Essay on Albert Camus
Albert Camus, philosopher, writer and the Nobel Prize winner for literature, is the author of a number of challenging and thought-provoking essays and novels. As a representative of French existentialism he regarded this trend not as a system of notions and concepts but rather as the expression of a certain mood, the way a man lives and chooses his behavior in the world of seeming permissiveness. The absurdity of existence, the power of death, the feeling of solitude and alienation from disgusting outer world ("everything is alien to me") - these are the ideas that Camus characters are guided by.
From the very beginning the apparent indifference and inertia Mersault embodies strikes as inhuman and even immoral: shrugging off his mother's death, agreeing to marry a woman he does not love, getting involved into intrigues of a local ponce and ending up in killing a man.
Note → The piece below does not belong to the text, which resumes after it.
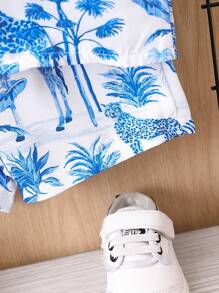 男嬰椰子樹圖案襯衫和短褲不帶T恤 - 藍色 - 查看 6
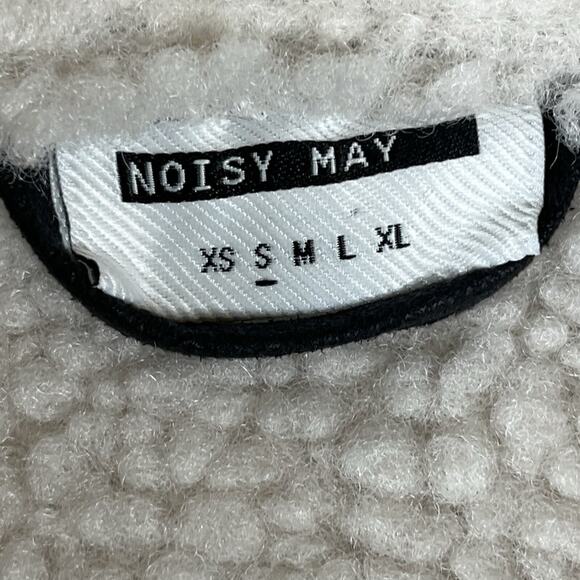 Noisy May Haley Faux Leather Shearling Moto Black Vest Size Small NWOT - Picture 4 of 6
This unmotivated crime which Mersault commits in the rays of Algerian dazzling sun brought him to trial and eventually to accepting his fate in the society that tries to "catalogue" the life of every person, to make everyone fit its norms and stereotypes. And in this respect Camus interpreted the plot of The Stranger as "distrust of formal morality". Mersault did destroy the boundaries and did neglect the restrictions imposed by the society but not because he wanted to learn the limits of his own potential (like Raskolnikov, for instance, did). Camus's character is almighty and absolutely free in this absurdity without God, reason and sense. Merasult is accused because he is a stranger here refusing to abide by the generally accepted social regulations. He is a stranger belonging to the world of nature. He admires nature, feels part of its magnificent cosmic landscapes, and contemplates its eternal beauties. He is an alien who exists without any "plan" from one moment to another.
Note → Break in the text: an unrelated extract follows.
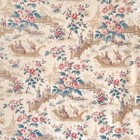 76x40 C1850 French British Chintz Textile Chinoiserie Pagoda Wabi Sabi Cottage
A death sentence does not change his morals: it only revealed the genuine essence of human life before him. He realizes that there can be no judge over him, he is condemned but so are all mortals. "I opened myself for the first time to the tender indifference of the world. Finding it so much like myself-so like a brother, really-I felt that I had been happy and that I was happy again". These words are a sign of Camus's optimism: a Man should stoically accept the absurdity of the world because however vain all efforts to achieve something may be they still bring felicity ("You will never be happy if you continue to search for what happiness consists of. You will never live if you are looking for the meaning of life"). In this connection Mersault as well as Sisyphus (Camu's another protagonist) "must be visualized happy".
This book promises to be a rewarding and enriching experience for everyone in search of absorbing and compelling intellectual reading.